* [What you will do]
The goal here is an exact copy of the entries below, without their pictures.
__________
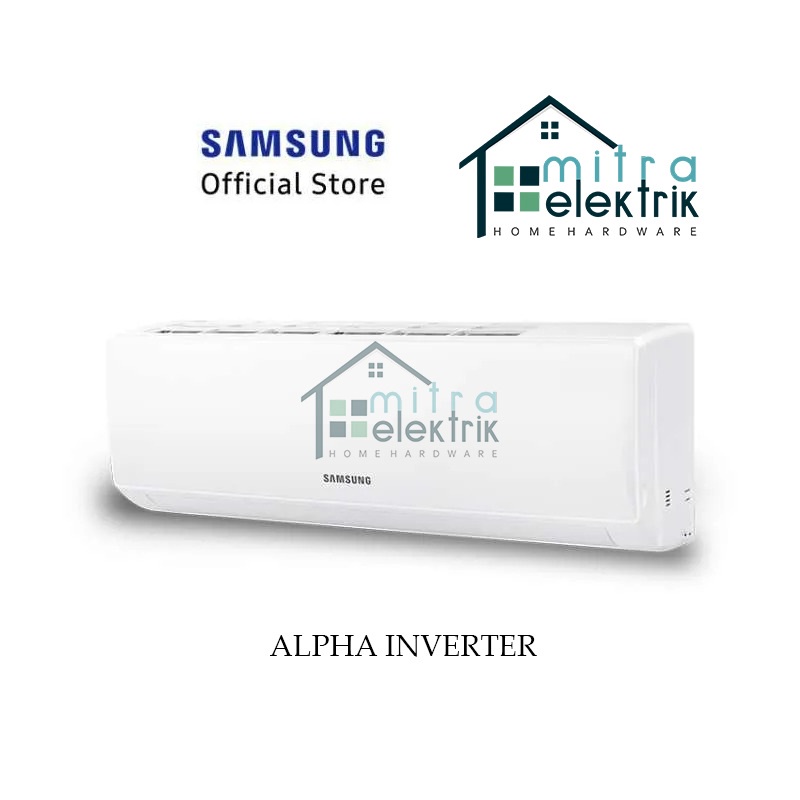 AC Samsung 1/2 PK AR05YHLAW Alpha Inverter With Smart AirFlow 0.5 PK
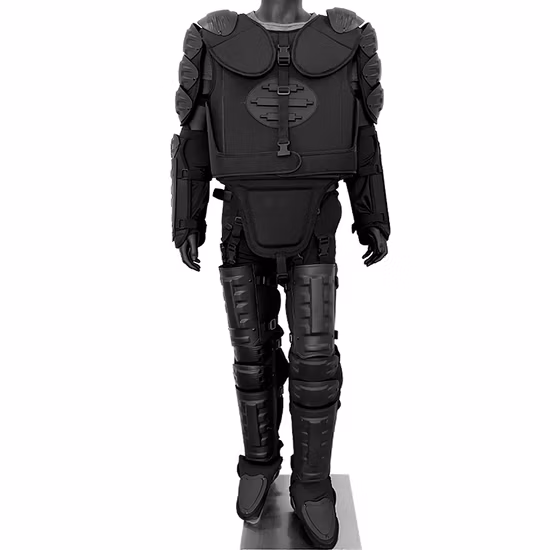 Corps de la police Protectoranti Riot Suits/ Anti Riot Gear Police Arv0120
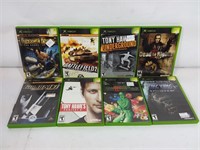 8 jeux de Xbox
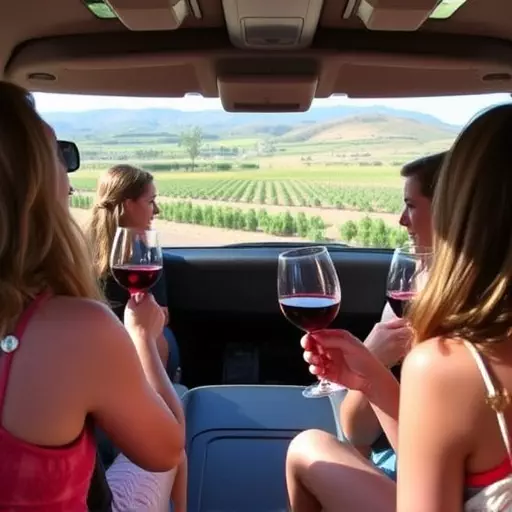 safe and fun wine tour rides toledo,wine tasting safety tips,group wine tour transportation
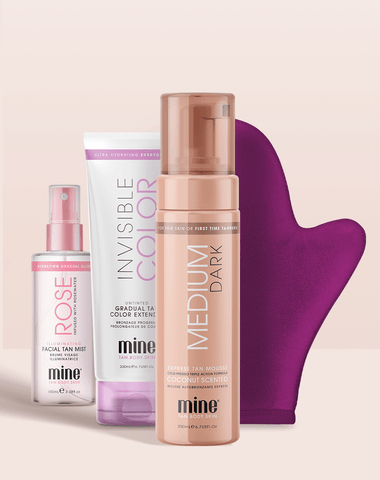 Medium Dark Deluxe Bronze Set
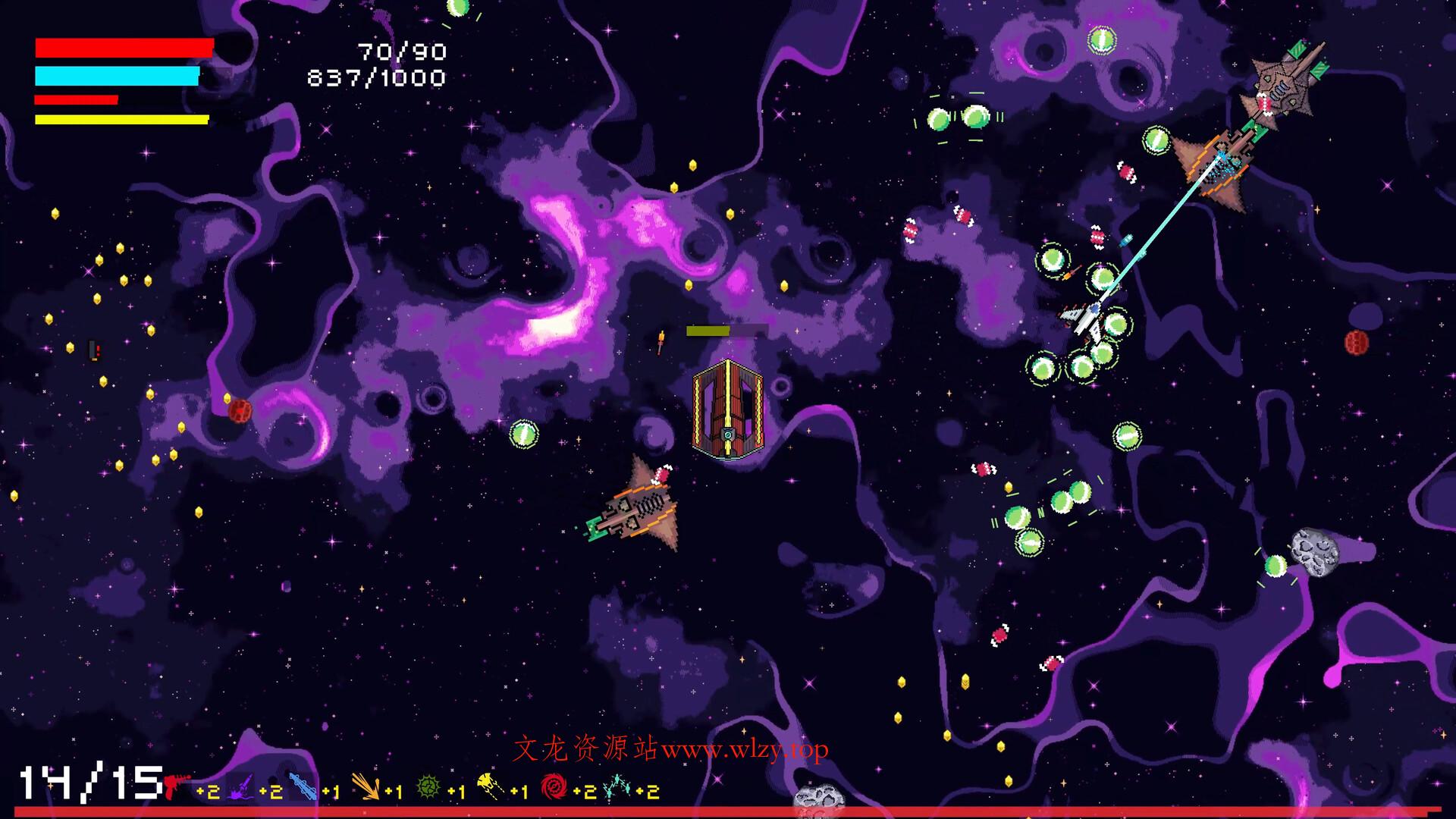 虚空矿工/Void Miner – Incremental Asteroids Roguelite-文龙资源站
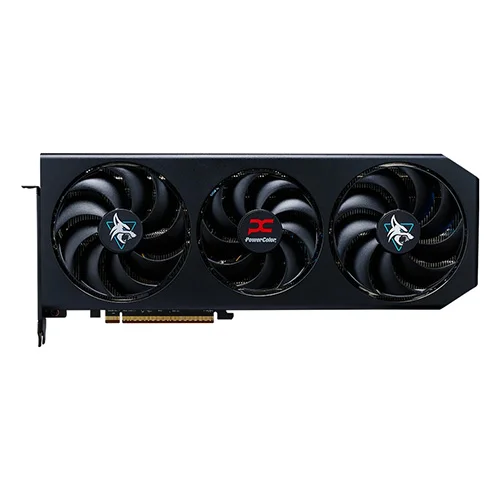 PowerColor Hellhound RX 9070 XT OC 16GB GDDR6 Graphics Card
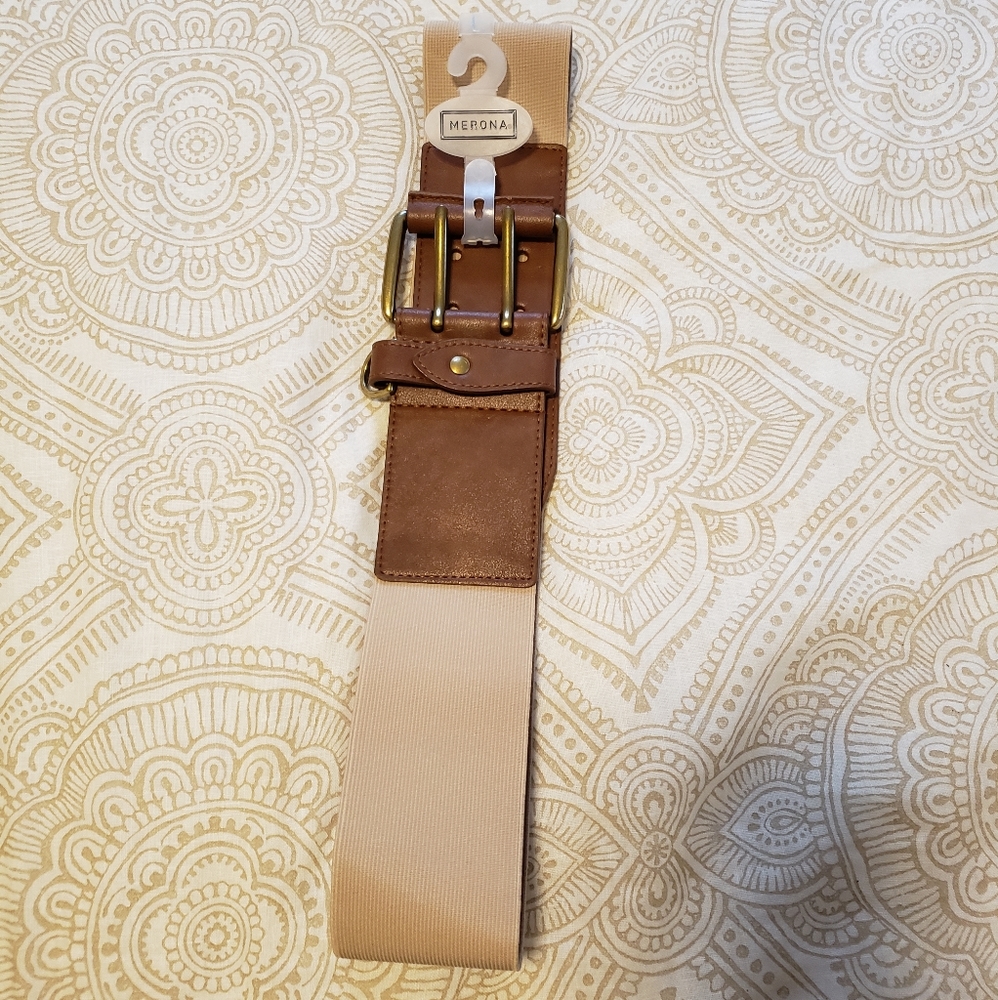 Merona large brown belt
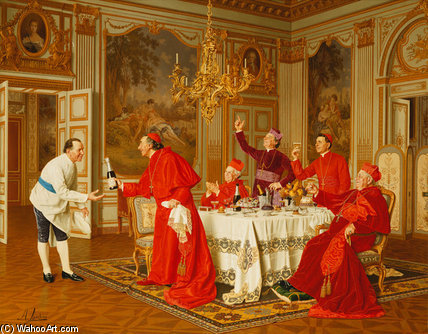Appartements De Louis Xvi A Versailles — Andrea Landini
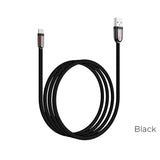 Hoco Cloth Braided fast Charging Data Cable Usb-A TO Micro 1.2M U74
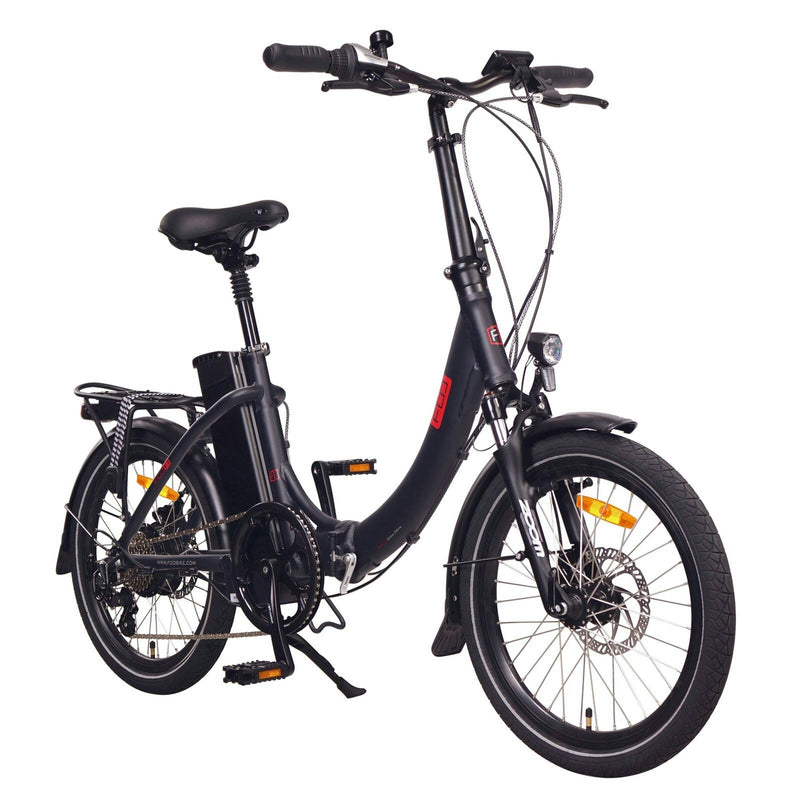 FOO F1 Folding Electric Bike, 250W-350W, 48V 13Ah, 624Wh Battery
__________
* [Solved problem]
 AC Samsung 1/2 PK AR05YHLAW Alpha Inverter With Smart AirFlow 0.5 PK
 Corps de la police Protectoranti Riot Suits/ Anti Riot Gear Police Arv0120
 8 jeux de Xbox
 safe and fun wine tour rides toledo,wine tasting safety tips,group wine tour transportation
 Medium Dark Deluxe Bronze Set
 虚空矿工/Void Miner – Incremental Asteroids Roguelite-文龙资源站
 PowerColor Hellhound RX 9070 XT OC 16GB GDDR6 Graphics Card
 Merona large brown belt
Appartements De Louis Xvi A Versailles — Andrea Landini
 Hoco Cloth Braided fast Charging Data Cable Usb-A TO Micro 1.2M U74
 FOO F1 Folding Electric Bike, 250W-350W, 48V 13Ah, 624Wh Battery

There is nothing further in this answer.